# Introduction and Setup for Sinopia's Knowledge Graph

In [15]:
%reload_ext autoreload
%autoreload 2
%matplotlib inline
%reload_ext lab_black

import datetime

import kglab
import helpers
import widgets
from IPython.display import display

## Introduction
This work-shop will introduce you to downloading and exploring the RDF created in the Sinopia Linked Data Editing environment. We will then build upon these Sinopia data artifacts we created by applying various machine learning technologies and techniques for such tasks as FAST subject heading and template classification. 

### Workshop Schedule
This workshop will be broken down into three parts, each 55 minutes with a break between each session.

#### 1. Introduction, Setup, Analysis, and Visualization of Sinopia RDF

#### 2. Using spaCy and HuggingFace Natural Language Processing (NLP)

#### 3. FastAI and PyTorch with Sinopia Data

## Set-up for running Locally or Remotely
There are multiple ways to run the [Jupyter notebooks](https://jupyter.org/) in this workshop, the easiest method to load each notebook using the [MyBinder][BINDER] service that will launch a Jupyter lab environment from which you can select and run the notebooks. The most complex method would be download and install Python along with the workshop dependencies on your local laptop or workstation.

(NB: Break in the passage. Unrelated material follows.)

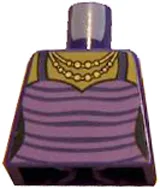 Torso Female Top with Dark Purple Stripes and Gold Necklace Pattern / Dark Purple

In between both of these, is running the notebooks using Google's [Collab][COLLAB} environment. 

### Run with MyBinder Cloud Service (the easiest) 
To run this workshop's Jupyter notebooks on [MyBinder][BINDER]

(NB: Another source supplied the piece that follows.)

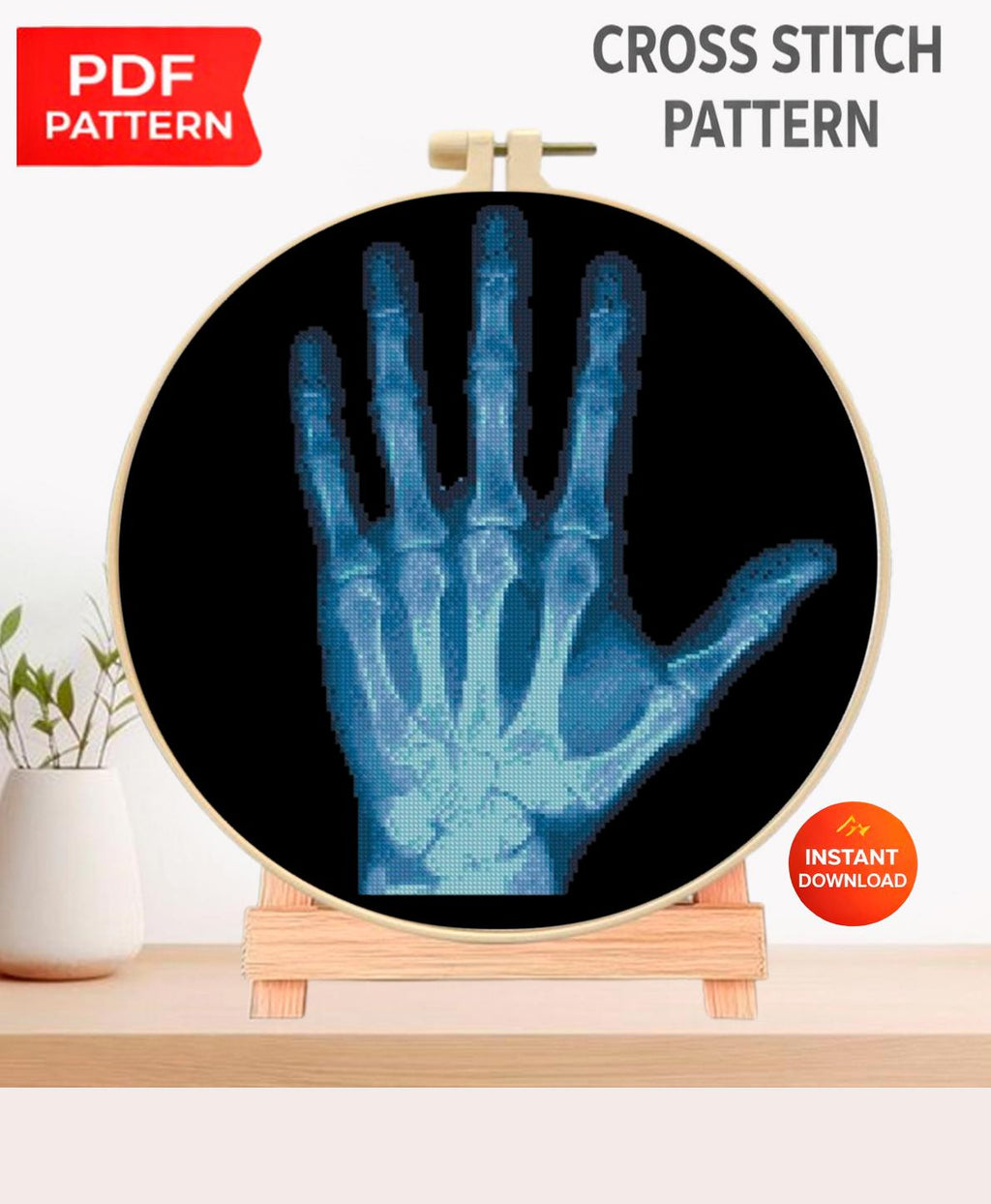 X Ray Hand Cross Stitch Pattern PDF, Skeleton Palm Anatomy Embroidery Design, Radiology Medical Wall Art Download - NuttyHappyHobby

1. Go to the following link https://mybinder.... 
1. Launch the container 
1. When the environment is finished, you should a similar display to this:
   ![MyBinder Jupyter Lab Workshop](images/)
1. Click on the `01_IntroSetup.ipynb` to launch this notebook. 

### Run with Google's Collab Service
1.  Open 

### Local Installation Set-up
1. Download and Install latest [Python version](https://python.org/downloads), current version **3.9.6**
1. Once Python 3.9.x is installed, launch a terminal window and change to a directory where you want to install the workshop notebooks repository
1. Create a Python virtual environment i.e. `python3 -m venv ld4-env`
1. Activate the Python virtual environment, 
   - `source ld4-env/bin/activate` for Macintosh or Linux
   - `. ld4-env\Scripts\Activate` for Windows
1. Clone or copy the workshop repository.
   -  If you have [git](https://git-scm.com) installed, run `git clone https://github.com/ld4p/{name-of-repo}`
   -  Download and unzip the repository
1. Change directories into the Workshop repository and run `pip install -r requirements.txt` to install all of the libraries we will be using for the workshop
1. Launch Jupyter lab from the Workshop repository with `jupyter lab`
1. Access the running Jupyter lab by accessing the locally running jupyter lab instance at http://localhost:8888 (or another port if 8888 is being used)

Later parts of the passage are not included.